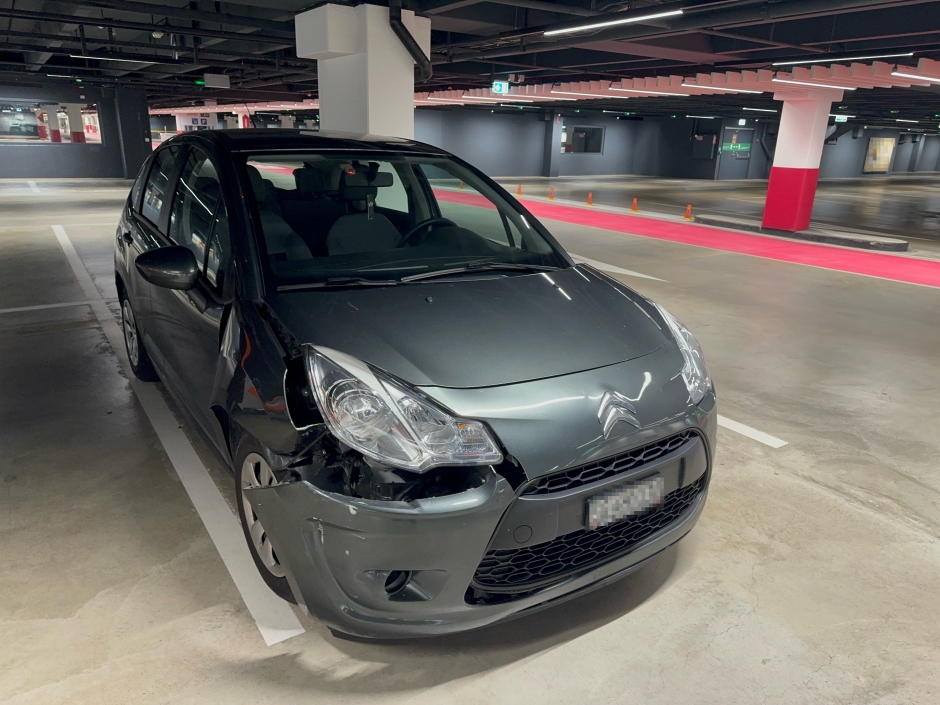 Besch&auml;digtes Fahrzeug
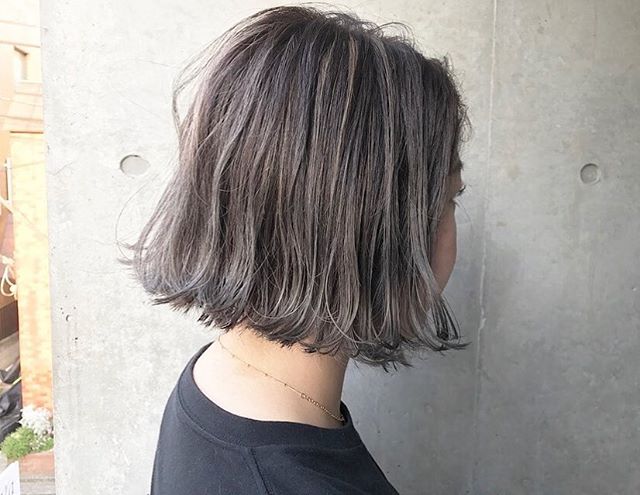 面長 ボブ ヘアカラー3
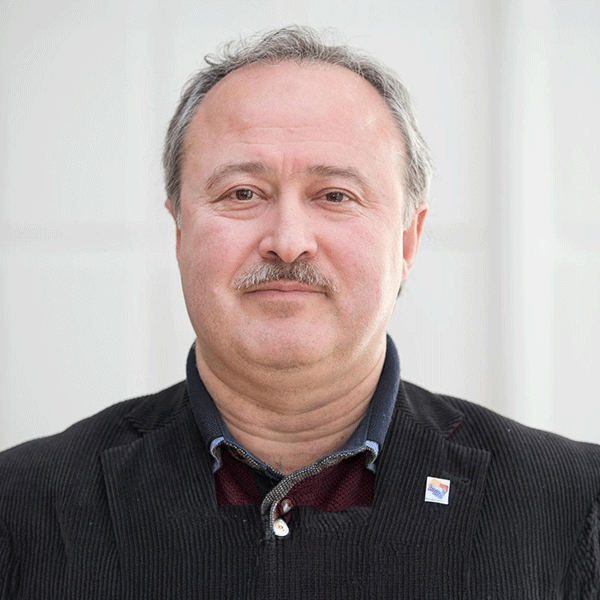 Avni Altıner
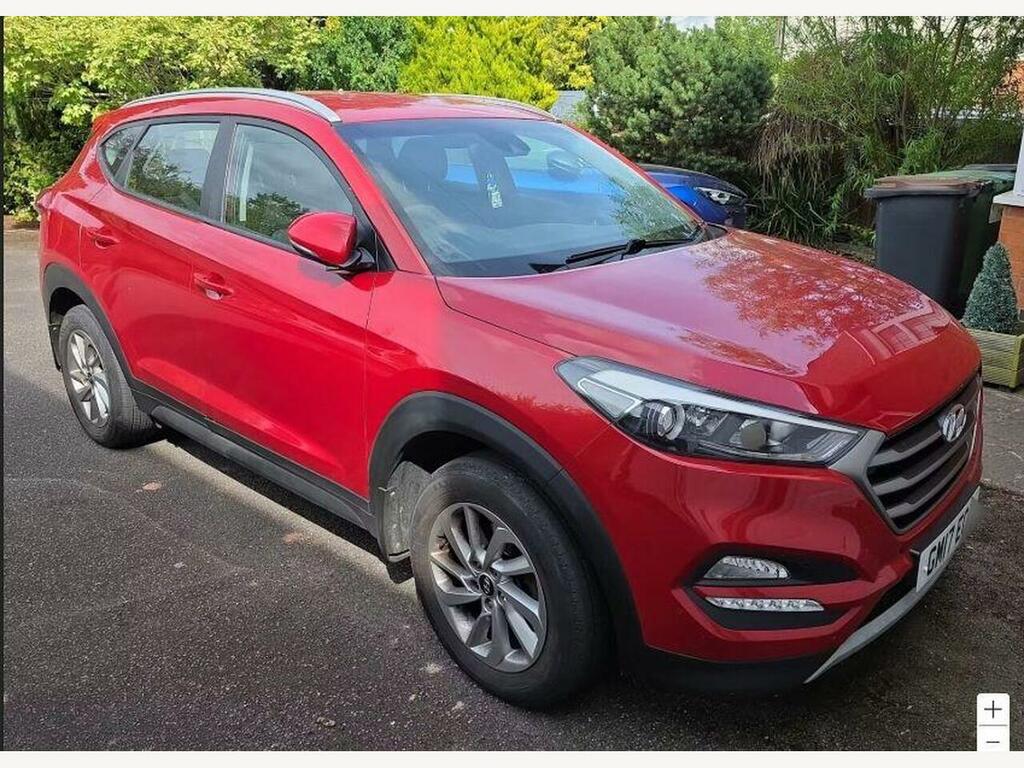 Hyundai Tucson 1.6 Gdi Blue Drive Se Nav Euro 6 Ss Red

+===+

Problem description = Word for word, give again the lines from the line holding "Avni Altıner" through the last line of the material, both included; pictures are not part of the copy.

Written reply =
 Avni Altıner
 Hyundai Tucson 1.6 Gdi Blue Drive Se Nav Euro 6 Ss Red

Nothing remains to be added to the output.